Validation: The Unsung Hero

One challenge with AI-generated content is ensuring it uses real data. After the Generation Agent creates a sequence, I run a validation step to ensure every pose actually exists in our database:

export async function validateSequencePoses(
  aiPoses: AIPoseInput[],
  databasePoses: FormattedPoseData[],
) {
  const databasePoseNames = new Set(databasePoses.map(p => p.nameEn));
  const validatedPoses = [];
  const invalidPoses = [];
 
  for (const aiPose of aiPoses) {
    if (databasePoseNames.has(aiPose.nameEn)) {
      validatedPoses.push(/* validated pose */);
    } else {
      invalidPoses.push(aiPose.nameEn);
    }
  }
 
  if (validatedPoses.length < 3) {
    throw new AIResponseError(
      `Only ${validatedPoses.length} valid poses found (minimum 3 required)`
    );
  }
 
  return validatedPoses;
}

This validation layer prevents the AI from hallucinating poses that sound plausible but don't exist in our curated database. You might wonder why I didn't use enums to constrain the AI's choices in the first place - with 300+ poses in the database, I hit a practical limitation: Gemini's enum constraints become unreliable beyond 80-100 values (not to mention the input token cost).

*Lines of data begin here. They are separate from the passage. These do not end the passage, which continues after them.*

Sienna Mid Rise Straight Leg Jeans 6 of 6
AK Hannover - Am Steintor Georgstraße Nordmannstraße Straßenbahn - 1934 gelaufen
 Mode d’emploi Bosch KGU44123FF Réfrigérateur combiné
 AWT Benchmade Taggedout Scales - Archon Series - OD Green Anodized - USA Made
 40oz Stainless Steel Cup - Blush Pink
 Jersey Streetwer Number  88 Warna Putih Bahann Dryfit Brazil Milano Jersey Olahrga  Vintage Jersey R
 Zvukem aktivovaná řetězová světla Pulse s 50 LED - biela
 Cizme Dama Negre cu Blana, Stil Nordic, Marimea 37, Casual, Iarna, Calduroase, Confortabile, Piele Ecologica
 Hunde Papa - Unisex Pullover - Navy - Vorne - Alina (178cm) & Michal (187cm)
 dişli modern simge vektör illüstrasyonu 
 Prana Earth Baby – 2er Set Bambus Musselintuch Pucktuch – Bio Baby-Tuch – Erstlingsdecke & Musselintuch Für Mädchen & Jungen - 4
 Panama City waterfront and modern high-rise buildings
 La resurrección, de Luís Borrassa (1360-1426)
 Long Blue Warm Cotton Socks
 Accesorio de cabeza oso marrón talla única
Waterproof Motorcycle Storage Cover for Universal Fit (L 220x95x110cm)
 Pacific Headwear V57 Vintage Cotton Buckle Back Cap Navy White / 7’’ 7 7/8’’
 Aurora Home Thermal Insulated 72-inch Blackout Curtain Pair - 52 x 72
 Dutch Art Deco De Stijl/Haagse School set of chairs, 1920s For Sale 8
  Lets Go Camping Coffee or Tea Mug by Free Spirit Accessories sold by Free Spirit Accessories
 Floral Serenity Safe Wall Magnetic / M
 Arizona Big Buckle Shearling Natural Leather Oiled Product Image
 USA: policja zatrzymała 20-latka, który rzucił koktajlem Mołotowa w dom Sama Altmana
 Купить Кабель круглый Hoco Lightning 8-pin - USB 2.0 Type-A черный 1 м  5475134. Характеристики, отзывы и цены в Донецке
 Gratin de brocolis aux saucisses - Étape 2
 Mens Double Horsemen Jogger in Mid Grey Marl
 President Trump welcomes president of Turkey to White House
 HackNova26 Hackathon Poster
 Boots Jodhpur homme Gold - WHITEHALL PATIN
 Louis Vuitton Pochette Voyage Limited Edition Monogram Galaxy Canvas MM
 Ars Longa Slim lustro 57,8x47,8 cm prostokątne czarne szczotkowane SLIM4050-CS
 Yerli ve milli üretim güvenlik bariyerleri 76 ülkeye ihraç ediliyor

So instead, the Generation Agent uses function calling to search the database first, then I validate its output as a safety net. It's not an agent, just good defensive programming against AI creativity.

Results

While I didn't rigorously benchmark everything, the improvements were clear:

Responses feel faster since agents can work in parallel
Token usage is definitely lower with smaller, focused prompts
Intent classification works reliably (no more "I don't understand" loops)
Changes are isolated - I can update Maya's personality without breaking search
Debugging is straightforward - errors point to specific agents

Key Learnings

Structured outputs are crucial: Using TypeScript types and JSON schemas eliminates parsing errors
Specialization beats generalization: Five focused agents outperform one generalist - particularly given smaller context windows.
Orchestration is simple: The coordinator doesn't need to be complex - just reliable
Validation prevents hallucination: Always verify AI output against your source of truth
Small prompts are manageable prompts: 300-token prompts are easier to debug than 2000-token monsters

What's Next?

The multi-agent pattern opens up exciting possibilities:

Memory Agent: Track user preferences and progress over time
Recommendation Agent: Suggest practices based on history and goals
Personalization Agent: Adapt Maya's personality to user preferences

The beauty of this architecture is that adding new capabilities doesn't mean rewriting everything - just add another specialized agent to the orchestra.

The Real Takeaway

Building with multiple specialized agents instead of one mega-prompt isn't just about better performance - it's about maintaining your sanity. When your AI starts suggesting "Downward Facing Elephant" as a real pose, you'll know exactly which 300-token prompt to fix instead of searching through a 2000-token monster.

Is this the right way to build AI systems? Honestly, I have no idea. But it works, it's maintainable, and most importantly - I can actually understand what's happening when things go wrong.

Maya is live here. Built with Bun, Elysia, Google's Gemini, and a lot of careful orchestration.